A battery cooling system of an electric mining machine includes lines arranged to communicate with a battery to be cooled for transferring heat energy from the battery to coolant within the fluid lines, a coolant cartridge receiver, and a coolant cartridge having a capacity for receiving and storing heat energy. The coolant cartridge is removably arrangeable in the coolant cartridge receiver and the fluid lines are connected to the coolant cartridge receiver for transferring heat energy from the coolant within the fluid lines to the coolant cartridge arranged in the coolant cartridge receiver.

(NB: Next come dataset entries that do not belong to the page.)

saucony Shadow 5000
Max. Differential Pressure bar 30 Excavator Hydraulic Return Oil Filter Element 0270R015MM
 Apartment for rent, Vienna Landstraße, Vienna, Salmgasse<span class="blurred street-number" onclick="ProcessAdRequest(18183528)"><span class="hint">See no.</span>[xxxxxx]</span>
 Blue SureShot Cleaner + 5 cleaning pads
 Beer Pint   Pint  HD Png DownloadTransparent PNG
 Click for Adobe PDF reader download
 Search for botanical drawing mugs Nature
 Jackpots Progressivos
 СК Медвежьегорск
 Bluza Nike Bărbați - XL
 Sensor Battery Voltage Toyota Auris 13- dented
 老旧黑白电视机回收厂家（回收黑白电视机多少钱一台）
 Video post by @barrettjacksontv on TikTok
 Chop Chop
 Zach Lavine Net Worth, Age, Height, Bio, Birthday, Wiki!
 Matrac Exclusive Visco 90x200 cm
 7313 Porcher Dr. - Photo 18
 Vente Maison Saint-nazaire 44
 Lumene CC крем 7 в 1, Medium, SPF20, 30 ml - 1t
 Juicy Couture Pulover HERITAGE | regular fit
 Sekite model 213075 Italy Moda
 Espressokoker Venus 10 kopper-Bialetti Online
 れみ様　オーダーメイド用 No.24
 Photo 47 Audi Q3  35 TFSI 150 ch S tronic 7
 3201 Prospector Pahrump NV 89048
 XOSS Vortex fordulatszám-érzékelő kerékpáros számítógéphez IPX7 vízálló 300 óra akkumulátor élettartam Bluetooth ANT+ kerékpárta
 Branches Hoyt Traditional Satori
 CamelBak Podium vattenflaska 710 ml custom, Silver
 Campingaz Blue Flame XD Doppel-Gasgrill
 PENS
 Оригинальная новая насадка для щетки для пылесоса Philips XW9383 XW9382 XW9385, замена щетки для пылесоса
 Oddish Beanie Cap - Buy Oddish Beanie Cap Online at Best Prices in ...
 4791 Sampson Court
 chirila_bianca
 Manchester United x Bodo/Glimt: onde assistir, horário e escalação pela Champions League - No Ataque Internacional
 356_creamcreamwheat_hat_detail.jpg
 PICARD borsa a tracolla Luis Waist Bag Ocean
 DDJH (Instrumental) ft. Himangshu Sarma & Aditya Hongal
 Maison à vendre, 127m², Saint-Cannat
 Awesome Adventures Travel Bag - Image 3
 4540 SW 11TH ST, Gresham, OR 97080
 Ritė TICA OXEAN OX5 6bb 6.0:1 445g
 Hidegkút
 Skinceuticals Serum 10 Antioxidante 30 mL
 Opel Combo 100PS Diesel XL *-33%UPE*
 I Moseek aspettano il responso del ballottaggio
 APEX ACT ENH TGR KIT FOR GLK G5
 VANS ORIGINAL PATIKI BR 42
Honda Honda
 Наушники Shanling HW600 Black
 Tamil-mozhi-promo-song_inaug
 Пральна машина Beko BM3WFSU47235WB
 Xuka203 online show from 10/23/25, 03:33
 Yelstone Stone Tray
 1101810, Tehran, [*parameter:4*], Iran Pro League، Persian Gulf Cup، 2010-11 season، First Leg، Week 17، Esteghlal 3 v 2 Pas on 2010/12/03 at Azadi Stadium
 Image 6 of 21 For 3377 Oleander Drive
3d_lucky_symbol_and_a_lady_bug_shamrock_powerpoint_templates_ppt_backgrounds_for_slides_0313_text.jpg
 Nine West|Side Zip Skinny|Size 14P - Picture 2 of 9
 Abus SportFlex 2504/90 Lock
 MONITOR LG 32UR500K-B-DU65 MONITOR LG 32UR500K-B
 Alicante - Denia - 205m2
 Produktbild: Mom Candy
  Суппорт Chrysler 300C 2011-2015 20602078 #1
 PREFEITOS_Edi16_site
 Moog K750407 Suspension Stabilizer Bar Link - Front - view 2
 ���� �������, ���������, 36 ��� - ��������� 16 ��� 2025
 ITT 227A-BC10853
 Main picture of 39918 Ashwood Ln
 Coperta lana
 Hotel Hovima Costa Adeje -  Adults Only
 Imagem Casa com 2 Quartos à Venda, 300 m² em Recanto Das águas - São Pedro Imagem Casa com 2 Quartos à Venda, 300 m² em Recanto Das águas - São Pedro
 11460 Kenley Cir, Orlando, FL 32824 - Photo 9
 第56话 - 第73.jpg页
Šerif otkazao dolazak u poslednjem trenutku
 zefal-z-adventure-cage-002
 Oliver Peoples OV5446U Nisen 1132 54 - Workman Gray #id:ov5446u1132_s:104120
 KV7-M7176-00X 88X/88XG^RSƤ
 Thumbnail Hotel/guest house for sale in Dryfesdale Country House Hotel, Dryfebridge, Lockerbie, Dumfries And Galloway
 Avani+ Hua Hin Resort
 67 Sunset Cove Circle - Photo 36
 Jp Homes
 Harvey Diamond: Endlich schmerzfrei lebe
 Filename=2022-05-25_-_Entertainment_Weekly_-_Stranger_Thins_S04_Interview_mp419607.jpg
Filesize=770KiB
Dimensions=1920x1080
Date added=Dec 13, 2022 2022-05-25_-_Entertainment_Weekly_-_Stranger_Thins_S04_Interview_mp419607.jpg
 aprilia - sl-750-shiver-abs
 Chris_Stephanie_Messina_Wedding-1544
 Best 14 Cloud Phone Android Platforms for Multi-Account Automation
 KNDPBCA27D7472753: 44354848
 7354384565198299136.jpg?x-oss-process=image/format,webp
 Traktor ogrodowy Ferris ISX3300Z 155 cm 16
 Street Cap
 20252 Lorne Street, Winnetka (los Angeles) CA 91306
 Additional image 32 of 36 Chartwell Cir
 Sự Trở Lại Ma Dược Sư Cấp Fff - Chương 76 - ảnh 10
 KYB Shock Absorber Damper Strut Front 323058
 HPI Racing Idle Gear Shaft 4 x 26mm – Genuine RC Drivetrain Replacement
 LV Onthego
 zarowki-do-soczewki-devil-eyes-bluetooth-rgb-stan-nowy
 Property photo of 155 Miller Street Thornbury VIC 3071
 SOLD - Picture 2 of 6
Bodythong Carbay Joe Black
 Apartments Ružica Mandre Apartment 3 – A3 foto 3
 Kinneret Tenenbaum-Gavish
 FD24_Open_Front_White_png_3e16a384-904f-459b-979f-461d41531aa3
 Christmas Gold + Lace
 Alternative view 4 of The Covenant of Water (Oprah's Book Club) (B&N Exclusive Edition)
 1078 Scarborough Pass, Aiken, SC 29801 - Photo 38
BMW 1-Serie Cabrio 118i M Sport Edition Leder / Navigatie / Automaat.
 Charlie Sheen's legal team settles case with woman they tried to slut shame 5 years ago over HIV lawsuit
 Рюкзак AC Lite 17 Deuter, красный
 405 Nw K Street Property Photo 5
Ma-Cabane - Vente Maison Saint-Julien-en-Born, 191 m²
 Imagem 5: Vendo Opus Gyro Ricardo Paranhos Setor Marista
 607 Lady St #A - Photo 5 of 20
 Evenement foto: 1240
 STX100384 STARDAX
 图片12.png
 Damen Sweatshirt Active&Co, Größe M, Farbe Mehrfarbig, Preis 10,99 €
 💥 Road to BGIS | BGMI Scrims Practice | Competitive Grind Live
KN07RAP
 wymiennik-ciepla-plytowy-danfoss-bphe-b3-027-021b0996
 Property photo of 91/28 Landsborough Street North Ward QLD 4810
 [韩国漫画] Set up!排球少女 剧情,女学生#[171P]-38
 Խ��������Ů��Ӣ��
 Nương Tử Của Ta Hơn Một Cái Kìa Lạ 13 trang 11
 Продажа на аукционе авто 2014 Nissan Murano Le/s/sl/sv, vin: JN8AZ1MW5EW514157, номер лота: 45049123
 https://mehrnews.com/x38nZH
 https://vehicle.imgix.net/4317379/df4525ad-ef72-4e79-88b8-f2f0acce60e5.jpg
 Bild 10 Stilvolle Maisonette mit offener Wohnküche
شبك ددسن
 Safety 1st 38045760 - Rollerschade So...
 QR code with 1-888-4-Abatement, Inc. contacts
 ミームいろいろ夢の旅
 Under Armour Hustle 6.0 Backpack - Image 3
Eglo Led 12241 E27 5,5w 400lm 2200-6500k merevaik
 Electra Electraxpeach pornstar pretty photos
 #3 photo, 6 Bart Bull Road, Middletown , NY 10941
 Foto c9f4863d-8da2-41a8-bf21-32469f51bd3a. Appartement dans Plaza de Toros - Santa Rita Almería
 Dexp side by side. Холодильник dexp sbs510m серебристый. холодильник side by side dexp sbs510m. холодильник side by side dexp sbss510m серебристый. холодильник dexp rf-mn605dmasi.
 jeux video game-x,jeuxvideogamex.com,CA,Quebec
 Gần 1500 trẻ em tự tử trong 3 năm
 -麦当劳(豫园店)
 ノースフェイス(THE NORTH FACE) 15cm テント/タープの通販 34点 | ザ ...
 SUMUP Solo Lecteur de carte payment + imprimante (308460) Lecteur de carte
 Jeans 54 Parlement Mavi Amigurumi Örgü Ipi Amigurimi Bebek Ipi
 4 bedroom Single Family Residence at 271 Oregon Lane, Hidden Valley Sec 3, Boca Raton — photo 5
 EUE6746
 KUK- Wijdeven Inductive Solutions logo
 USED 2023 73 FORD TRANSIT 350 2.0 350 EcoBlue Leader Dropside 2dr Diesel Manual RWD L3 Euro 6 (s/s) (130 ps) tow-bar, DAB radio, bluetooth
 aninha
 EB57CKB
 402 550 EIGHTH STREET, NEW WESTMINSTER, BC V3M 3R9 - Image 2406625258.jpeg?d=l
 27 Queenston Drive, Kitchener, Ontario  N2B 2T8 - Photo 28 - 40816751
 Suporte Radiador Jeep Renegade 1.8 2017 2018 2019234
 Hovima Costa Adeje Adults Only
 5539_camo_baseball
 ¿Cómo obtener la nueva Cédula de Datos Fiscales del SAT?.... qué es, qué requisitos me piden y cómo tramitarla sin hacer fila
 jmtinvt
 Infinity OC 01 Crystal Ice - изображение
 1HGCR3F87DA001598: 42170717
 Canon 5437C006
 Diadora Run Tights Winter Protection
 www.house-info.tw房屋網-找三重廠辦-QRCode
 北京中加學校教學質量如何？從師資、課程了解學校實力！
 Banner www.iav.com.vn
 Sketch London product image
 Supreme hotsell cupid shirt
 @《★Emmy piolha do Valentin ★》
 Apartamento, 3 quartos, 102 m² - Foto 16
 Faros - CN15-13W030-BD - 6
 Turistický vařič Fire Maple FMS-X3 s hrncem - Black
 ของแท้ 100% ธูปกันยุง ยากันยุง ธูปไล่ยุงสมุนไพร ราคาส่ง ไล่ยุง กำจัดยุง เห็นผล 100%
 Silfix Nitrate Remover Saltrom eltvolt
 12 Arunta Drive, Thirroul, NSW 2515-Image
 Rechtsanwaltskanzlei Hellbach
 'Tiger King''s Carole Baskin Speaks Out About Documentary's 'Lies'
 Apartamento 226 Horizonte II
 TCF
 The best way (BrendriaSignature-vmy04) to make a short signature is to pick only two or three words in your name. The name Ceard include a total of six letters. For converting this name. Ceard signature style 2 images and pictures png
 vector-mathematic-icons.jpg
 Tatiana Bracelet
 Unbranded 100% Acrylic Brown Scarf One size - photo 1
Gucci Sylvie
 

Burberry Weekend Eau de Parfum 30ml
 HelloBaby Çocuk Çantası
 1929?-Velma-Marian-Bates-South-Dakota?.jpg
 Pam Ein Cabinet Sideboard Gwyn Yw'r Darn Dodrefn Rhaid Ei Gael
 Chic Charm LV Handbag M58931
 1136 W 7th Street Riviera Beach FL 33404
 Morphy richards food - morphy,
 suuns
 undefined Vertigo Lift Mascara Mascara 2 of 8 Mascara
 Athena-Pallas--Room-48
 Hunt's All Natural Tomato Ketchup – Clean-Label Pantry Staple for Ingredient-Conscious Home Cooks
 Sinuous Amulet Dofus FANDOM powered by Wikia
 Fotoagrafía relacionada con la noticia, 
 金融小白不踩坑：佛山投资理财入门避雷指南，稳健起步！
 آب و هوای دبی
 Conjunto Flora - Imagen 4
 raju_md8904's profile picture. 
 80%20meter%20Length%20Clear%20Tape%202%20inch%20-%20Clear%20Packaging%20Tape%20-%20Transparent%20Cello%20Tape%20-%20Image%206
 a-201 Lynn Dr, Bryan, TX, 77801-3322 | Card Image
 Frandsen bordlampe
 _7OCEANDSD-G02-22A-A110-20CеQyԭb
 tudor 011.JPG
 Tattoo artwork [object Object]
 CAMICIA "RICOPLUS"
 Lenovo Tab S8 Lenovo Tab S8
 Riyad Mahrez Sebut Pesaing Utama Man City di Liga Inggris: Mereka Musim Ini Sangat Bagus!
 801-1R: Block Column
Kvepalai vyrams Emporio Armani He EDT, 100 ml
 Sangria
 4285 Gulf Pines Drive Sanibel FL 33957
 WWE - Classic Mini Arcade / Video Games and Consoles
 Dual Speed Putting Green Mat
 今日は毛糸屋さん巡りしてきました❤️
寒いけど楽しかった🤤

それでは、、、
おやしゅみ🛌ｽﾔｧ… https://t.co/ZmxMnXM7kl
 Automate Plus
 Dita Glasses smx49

The disclosure also relates to an electric mining machine, a refrigeration arrangement of an electric mining machine, and a method for cooling a battery of an electric mining machine.

Description

RELATED APPLICATION DATA

This application claims priority under 35 U.S.C. §119 to EP Patent Application No. 14195058.4, filed on Nov. 27, 2015, which the entirety thereof is incorporated herein by reference.

BACKGROUND

The present disclosure relates to a battery cooling system of an electric mining machine and an electric mining machine. The disclosure still further relates to a refrigeration arrangement of an electric mining machine and to a method for cooling a battery of an electric mining machine.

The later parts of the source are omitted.